SUPPLIED DATA:

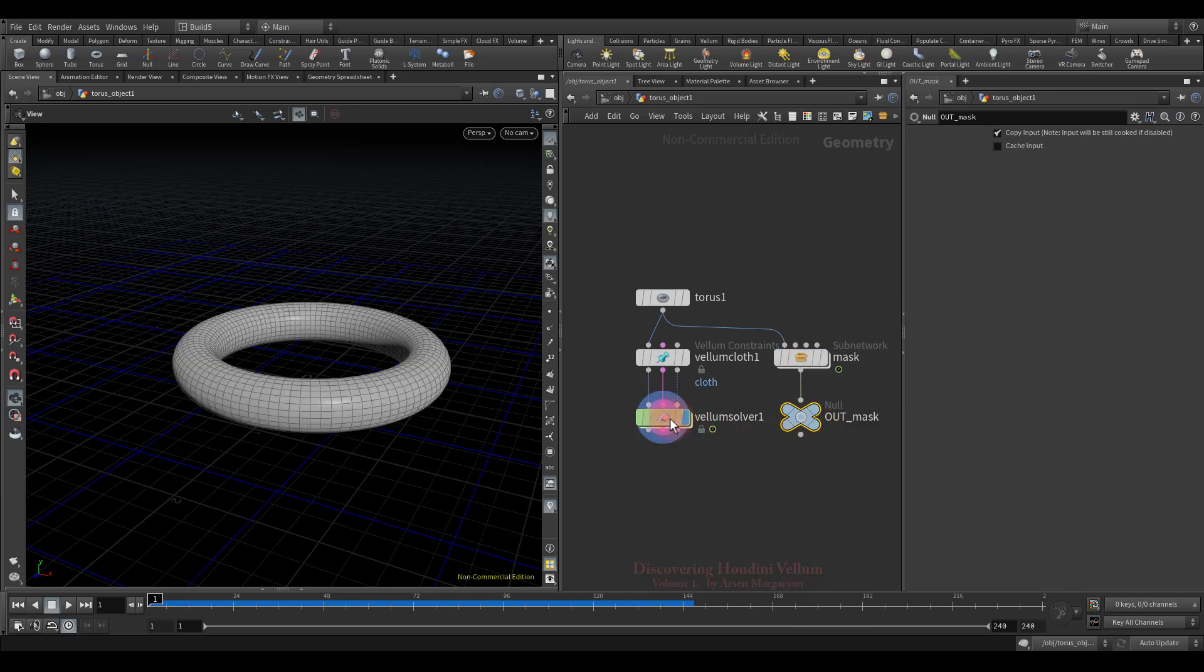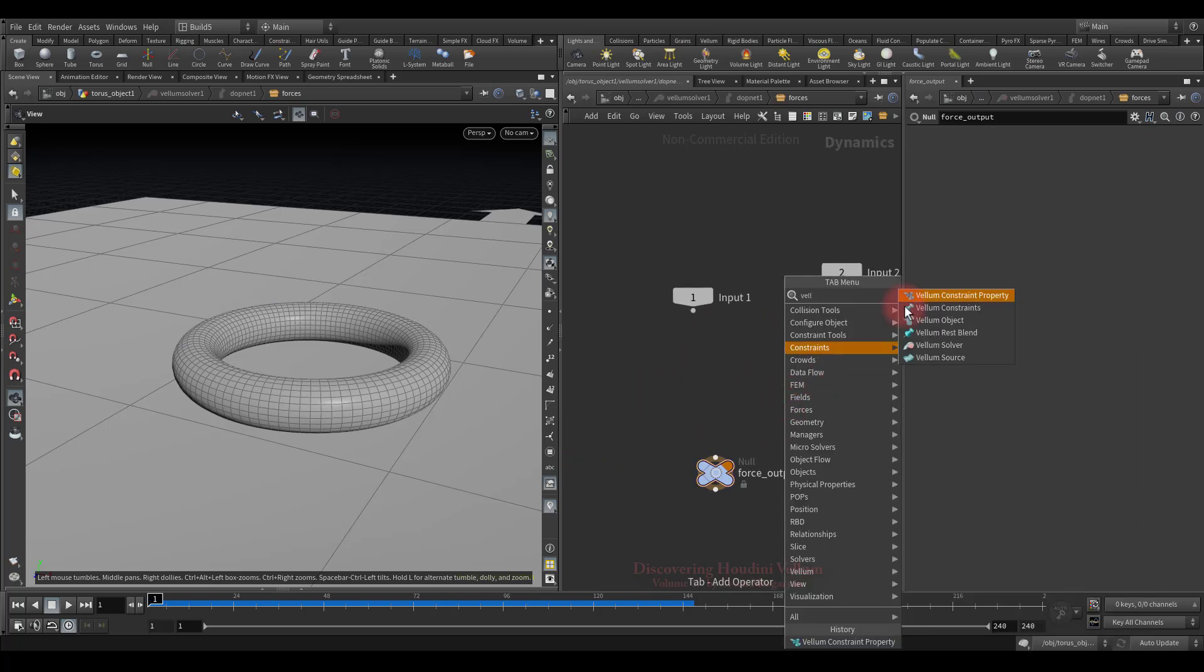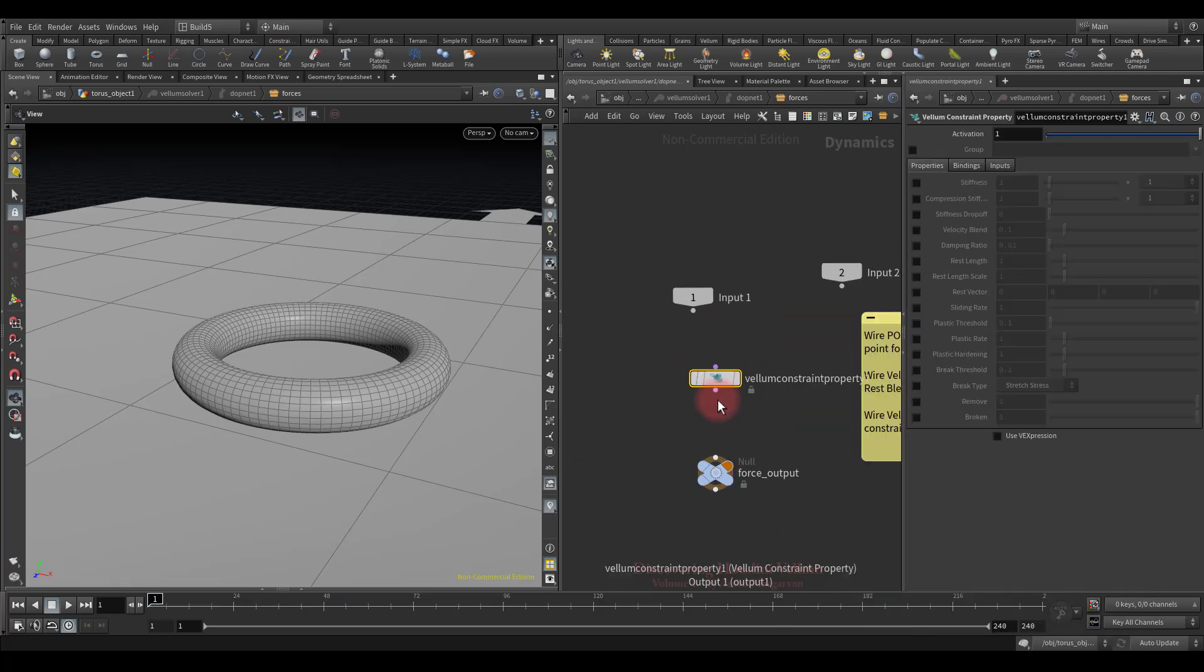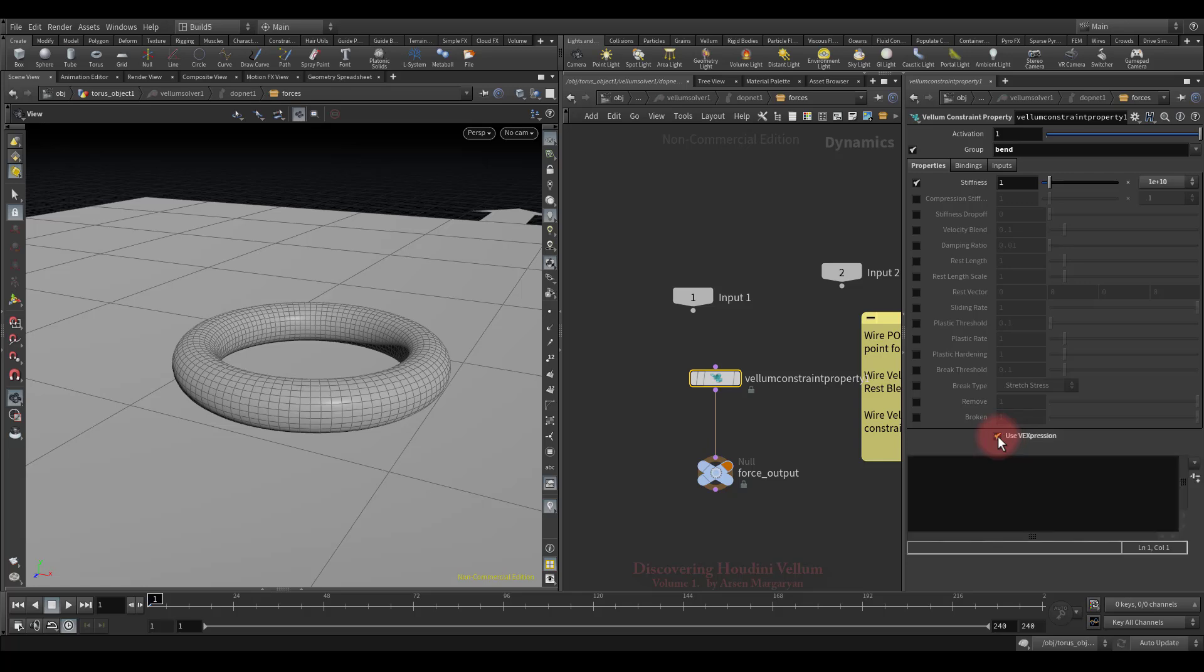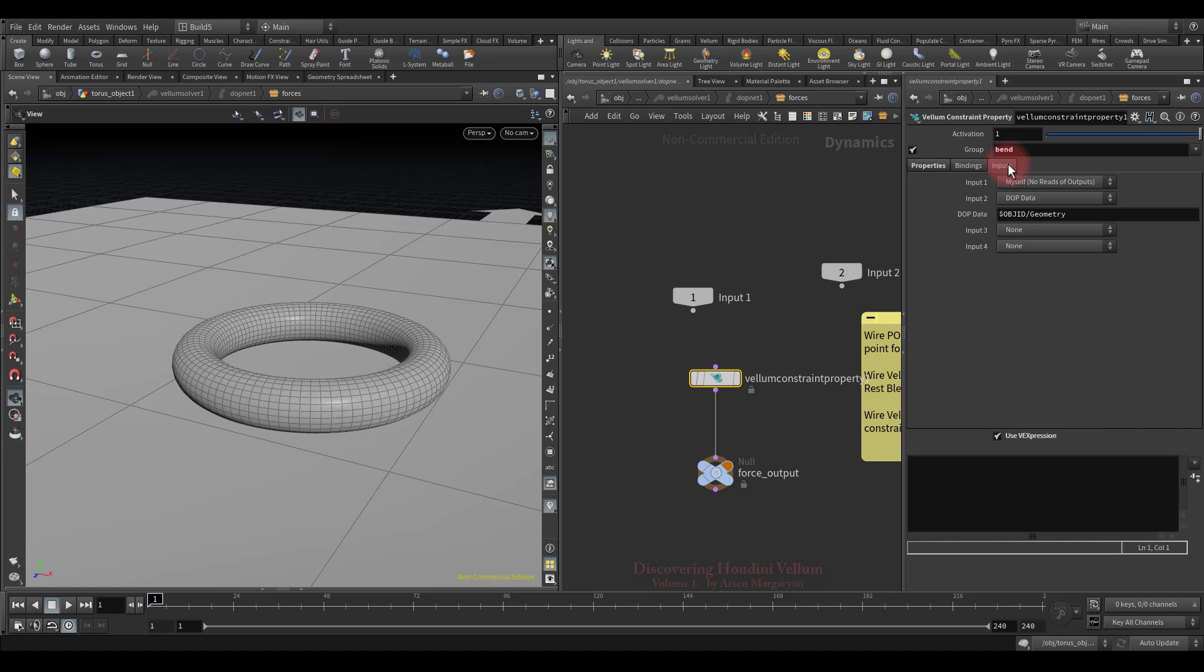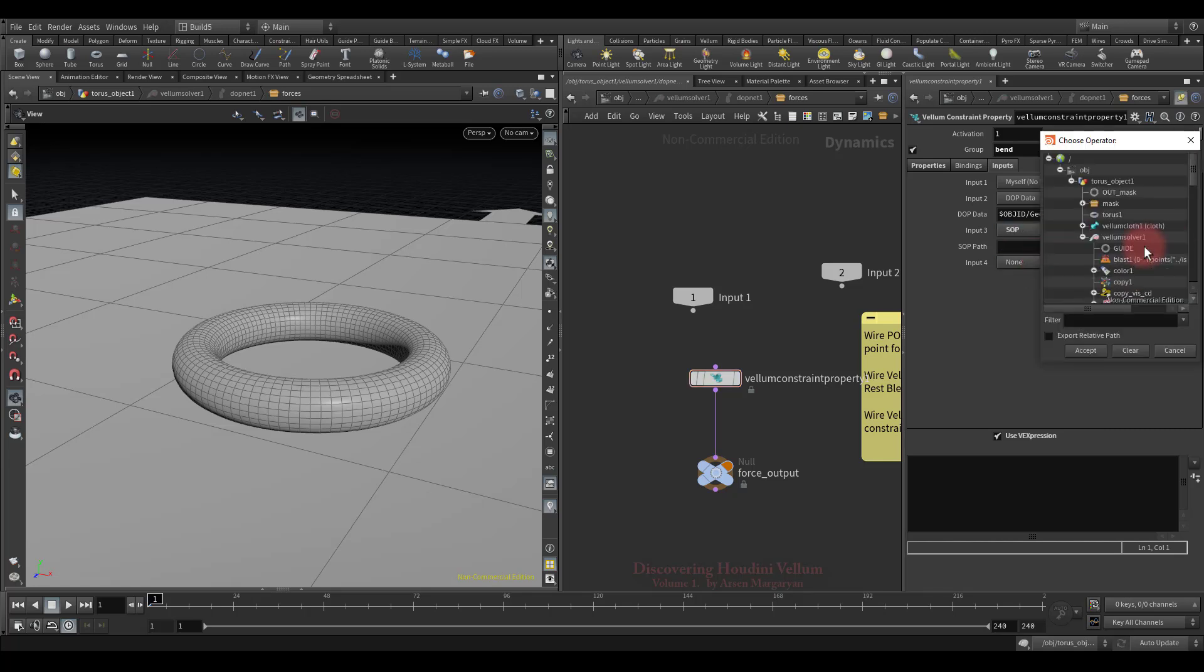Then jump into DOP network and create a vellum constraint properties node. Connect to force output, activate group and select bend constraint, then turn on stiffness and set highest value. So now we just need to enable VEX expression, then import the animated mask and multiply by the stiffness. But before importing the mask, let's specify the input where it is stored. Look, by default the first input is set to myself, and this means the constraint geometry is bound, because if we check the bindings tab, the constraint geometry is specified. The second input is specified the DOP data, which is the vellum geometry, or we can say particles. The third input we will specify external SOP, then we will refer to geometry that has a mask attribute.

---

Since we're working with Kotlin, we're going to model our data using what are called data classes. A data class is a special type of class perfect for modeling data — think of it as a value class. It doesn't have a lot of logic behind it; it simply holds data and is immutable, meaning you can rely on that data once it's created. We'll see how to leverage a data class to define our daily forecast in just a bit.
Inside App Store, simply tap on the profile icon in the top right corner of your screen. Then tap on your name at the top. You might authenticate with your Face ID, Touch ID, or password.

WORK REQUEST:
Scan the listing above. Gather each line that contains the word "with".

EXERCISE RESPONSE:
Since we're working with Kotlin, we're going to model our data using what are called data classes. A data class is a special type of class perfect for modeling data — think of it as a value class. It doesn't have a lot of logic behind it; it simply holds data and is immutable, meaning you can rely on that data once it's created. We'll see how to leverage a data class to define our daily forecast in just a bit.
Inside App Store, simply tap on the profile icon in the top right corner of your screen. Then tap on your name at the top. You might authenticate with your Face ID, Touch ID, or password.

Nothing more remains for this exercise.